Your job is to set down the stretch of entries that opens with the line containing "期货配资门户 提速绿色转型，天山铝业140万吨电解铝改造项目首批电解槽通电投产" and closes with the line containing "Cody? Ich hab dich. Hülle für iPhone 13 Cody?". Keep both end lines, copy each exactly, and add nothing.
**** TASK INPUTS
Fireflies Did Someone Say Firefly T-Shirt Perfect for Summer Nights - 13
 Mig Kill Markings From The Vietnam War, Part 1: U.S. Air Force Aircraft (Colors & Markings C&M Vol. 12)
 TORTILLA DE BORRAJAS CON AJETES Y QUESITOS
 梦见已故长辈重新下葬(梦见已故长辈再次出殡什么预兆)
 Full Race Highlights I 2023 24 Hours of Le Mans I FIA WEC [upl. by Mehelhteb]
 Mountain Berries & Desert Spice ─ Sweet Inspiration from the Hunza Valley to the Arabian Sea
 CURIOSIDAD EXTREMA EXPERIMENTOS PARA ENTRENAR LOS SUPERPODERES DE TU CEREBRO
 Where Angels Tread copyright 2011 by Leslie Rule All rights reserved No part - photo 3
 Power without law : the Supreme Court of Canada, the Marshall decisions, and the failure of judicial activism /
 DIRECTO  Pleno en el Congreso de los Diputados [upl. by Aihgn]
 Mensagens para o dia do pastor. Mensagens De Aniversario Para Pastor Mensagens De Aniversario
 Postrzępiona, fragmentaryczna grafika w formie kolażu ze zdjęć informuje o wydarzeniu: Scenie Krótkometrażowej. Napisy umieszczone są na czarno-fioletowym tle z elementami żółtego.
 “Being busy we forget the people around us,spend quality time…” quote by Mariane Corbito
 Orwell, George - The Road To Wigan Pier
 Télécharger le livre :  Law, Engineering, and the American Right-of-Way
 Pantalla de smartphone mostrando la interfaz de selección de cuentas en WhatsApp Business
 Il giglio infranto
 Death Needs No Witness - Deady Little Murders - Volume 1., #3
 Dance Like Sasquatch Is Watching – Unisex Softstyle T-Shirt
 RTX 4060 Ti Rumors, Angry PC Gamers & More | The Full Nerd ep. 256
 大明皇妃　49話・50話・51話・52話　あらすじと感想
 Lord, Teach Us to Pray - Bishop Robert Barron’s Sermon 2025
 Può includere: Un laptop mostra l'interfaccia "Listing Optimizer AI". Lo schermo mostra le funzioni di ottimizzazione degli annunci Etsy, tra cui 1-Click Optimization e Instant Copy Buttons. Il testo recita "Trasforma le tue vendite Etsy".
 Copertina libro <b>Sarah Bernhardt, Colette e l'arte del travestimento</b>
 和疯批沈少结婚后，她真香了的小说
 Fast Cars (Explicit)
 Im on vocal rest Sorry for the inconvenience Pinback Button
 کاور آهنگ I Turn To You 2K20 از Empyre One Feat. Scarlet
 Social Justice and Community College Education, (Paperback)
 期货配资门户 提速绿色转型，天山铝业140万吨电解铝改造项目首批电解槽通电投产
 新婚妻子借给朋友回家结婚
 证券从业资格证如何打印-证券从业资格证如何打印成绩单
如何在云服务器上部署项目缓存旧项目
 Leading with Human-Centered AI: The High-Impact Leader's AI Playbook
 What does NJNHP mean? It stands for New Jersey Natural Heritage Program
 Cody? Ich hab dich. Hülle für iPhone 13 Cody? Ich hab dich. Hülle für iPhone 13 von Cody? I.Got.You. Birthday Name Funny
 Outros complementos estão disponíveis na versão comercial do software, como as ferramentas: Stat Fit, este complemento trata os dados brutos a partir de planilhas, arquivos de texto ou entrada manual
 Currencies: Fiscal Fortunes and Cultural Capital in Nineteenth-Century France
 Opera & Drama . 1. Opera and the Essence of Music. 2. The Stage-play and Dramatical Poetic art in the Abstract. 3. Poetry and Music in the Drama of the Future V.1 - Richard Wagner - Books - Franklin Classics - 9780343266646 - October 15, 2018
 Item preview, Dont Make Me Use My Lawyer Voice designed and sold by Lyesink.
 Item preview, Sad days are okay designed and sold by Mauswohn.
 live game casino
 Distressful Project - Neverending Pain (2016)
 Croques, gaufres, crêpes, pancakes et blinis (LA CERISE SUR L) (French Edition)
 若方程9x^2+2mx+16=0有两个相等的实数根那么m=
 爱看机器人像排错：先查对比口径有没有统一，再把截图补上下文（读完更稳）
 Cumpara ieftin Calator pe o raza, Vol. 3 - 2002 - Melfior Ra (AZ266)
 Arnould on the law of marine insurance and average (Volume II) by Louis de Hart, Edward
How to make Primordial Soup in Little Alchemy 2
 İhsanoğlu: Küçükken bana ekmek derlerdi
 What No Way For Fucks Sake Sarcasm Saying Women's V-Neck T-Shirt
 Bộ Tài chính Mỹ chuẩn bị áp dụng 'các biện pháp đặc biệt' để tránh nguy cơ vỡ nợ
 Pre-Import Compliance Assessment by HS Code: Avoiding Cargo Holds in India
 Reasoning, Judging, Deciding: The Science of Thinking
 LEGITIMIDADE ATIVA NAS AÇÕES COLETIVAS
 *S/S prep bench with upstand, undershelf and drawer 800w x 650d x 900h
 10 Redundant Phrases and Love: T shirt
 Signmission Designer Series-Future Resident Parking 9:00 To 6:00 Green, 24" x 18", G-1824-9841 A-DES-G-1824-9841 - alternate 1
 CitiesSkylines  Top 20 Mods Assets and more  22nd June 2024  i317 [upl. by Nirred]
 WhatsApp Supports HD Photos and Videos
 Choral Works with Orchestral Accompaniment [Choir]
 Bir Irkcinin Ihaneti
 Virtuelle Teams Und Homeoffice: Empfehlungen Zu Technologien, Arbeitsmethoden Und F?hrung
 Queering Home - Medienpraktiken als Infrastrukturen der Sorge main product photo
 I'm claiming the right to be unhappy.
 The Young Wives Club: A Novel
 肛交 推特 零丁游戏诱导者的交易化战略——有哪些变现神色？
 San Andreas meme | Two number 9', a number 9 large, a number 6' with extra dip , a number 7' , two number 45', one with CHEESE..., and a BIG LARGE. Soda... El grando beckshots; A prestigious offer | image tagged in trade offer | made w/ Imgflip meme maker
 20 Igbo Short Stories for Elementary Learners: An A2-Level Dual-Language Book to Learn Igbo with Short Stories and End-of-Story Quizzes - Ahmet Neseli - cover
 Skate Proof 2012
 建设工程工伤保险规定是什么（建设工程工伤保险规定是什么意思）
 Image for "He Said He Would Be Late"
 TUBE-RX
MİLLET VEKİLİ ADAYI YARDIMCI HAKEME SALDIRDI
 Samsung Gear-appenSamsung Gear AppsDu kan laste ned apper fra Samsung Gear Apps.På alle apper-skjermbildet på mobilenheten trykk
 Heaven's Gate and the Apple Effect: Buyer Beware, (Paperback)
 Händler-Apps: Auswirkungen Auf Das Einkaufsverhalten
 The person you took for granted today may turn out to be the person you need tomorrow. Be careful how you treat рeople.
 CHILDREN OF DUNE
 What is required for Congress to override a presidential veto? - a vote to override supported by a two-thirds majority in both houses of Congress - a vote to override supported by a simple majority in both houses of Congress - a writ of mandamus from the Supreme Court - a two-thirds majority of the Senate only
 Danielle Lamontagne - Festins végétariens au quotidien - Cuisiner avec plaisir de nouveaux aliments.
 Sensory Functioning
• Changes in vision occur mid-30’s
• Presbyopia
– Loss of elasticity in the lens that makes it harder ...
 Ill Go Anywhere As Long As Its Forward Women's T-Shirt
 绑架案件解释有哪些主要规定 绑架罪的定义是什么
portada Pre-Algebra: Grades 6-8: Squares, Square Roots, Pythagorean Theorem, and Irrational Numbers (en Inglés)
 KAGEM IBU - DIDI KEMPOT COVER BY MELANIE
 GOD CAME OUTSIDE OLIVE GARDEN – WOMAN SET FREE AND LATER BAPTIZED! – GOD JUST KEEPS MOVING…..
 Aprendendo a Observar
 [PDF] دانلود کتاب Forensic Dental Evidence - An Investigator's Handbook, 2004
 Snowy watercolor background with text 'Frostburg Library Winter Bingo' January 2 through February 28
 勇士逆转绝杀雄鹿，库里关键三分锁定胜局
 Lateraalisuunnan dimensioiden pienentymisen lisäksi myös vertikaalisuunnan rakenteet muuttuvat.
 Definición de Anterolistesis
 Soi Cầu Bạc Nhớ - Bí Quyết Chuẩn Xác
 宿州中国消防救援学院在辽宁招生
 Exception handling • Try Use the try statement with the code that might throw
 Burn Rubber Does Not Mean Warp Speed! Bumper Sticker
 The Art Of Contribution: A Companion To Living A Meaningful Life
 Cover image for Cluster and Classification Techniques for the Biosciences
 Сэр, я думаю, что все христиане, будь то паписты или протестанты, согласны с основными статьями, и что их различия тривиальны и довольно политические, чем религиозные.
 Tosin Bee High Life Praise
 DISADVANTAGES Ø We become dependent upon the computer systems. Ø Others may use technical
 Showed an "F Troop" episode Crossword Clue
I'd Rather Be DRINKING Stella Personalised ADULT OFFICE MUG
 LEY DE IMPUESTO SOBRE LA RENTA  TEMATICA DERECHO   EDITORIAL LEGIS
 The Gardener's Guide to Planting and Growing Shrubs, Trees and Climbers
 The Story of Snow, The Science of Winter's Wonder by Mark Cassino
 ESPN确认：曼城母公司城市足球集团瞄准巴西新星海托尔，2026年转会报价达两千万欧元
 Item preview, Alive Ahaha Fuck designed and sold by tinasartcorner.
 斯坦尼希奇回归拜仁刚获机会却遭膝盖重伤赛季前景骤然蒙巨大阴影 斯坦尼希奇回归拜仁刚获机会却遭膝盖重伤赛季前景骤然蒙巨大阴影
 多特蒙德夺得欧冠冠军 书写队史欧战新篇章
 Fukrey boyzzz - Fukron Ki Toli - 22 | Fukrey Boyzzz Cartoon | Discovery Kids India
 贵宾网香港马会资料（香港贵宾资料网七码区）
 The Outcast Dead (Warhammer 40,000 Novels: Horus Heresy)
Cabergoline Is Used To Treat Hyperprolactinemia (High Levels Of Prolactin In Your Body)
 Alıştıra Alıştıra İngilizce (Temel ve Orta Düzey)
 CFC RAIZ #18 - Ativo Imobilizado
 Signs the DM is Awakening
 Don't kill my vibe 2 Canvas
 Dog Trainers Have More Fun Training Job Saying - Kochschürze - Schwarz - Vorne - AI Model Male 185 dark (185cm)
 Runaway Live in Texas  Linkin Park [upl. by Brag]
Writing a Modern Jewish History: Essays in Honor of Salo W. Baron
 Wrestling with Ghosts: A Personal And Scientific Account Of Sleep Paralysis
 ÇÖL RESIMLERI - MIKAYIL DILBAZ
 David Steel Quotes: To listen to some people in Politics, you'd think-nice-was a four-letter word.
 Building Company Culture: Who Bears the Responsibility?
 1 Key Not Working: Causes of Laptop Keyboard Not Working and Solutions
********
◆ **OUTPUT FOR THIS TASK**
 期货配资门户 提速绿色转型，天山铝业140万吨电解铝改造项目首批电解槽通电投产
 新婚妻子借给朋友回家结婚
 证券从业资格证如何打印-证券从业资格证如何打印成绩单
如何在云服务器上部署项目缓存旧项目
 Leading with Human-Centered AI: The High-Impact Leader's AI Playbook
 What does NJNHP mean? It stands for New Jersey Natural Heritage Program
 Cody? Ich hab dich. Hülle für iPhone 13 Cody? Ich hab dich. Hülle für iPhone 13 von Cody? I.Got.You. Birthday Name Funny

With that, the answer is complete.